The only good solution I can see is to add another selectivity cache
field to RestrictInfo so that we can cache both the JOIN_INNER
selectivity and the "native" selectivity of the qual's context. This
is slightly annoying from a space consumption point of view, but it's
not fatal.

The second problem is specific to the particular structure of Kevin's
query:

SELECT ... FROM
"Case" "C"
LEFT OUTER JOIN "CaseDispo" "CD"
ON ("CD"."caseNo" = "C"."caseNo") AND ("CD"."countyNo" = "C"."countyNo")
AND (NOT (EXISTS (SELECT 1 FROM "CaseDispo" "CD2"
WHERE ("CD2"."caseNo" = "CD"."caseNo")
AND ("CD2"."countyNo" = "CD"."countyNo")
AND ("CD2"."dispoDate" > "CD"."dispoDate"))))
WHERE some-clause-that-selects-just-a-few-C-rows

that is, the EXISTS clause is part of the ON condition of an outer join.
If it referred to any variables of the left side of the upper join
(ie, "C" here) then we couldn't convert it to a separate join at all.
Since it refers only to "CD", it's semantically legitimate to push it
down into the right-hand side of the outer join, and then we can convert
it to a lower outer join. The problem is that having done so, the
resulting anti join doesn't commute with the upper outer join. So
we're forced to evaluate it first, and in this particular example this
results in a much worse plan than leaving it as a SubLink would produce.
A SubLink isn't evaluated "after" the upper join, exactly, but from a
performance point of view we get that effect because it only gets
evaluated after all the other join conditions have succeeded for a
particular pair of C and CD rows. In this case we only need the answer
for a few C/CD rows so that's a win. (If we needed the answer for most
CD rows, it's not a win; but I don't think we can optimize that case at
the expense of getting miserably slower for cases we used to be good at.)

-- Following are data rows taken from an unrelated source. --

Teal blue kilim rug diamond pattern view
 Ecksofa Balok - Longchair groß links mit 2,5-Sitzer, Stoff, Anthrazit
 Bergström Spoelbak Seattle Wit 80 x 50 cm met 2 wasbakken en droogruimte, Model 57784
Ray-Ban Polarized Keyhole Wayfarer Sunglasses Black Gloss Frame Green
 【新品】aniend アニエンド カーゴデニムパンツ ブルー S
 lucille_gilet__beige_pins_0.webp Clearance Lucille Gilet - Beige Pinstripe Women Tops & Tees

I think the only fix for this that's practical in the 8.4 time frame is
to give up trying to flatten EXISTS/NOT EXISTS that occur within the ON
condition of an outer join, ie, revert to 8.3's level of intelligence
about this case. It seems like a general purpose solution would involve
somehow being able to separate the semantic effects of an outer join
(in particular, null-insertion) from the time at which it's performed,
and I've really got no idea how to do that or what consequences it would
have for both the planner and the executor.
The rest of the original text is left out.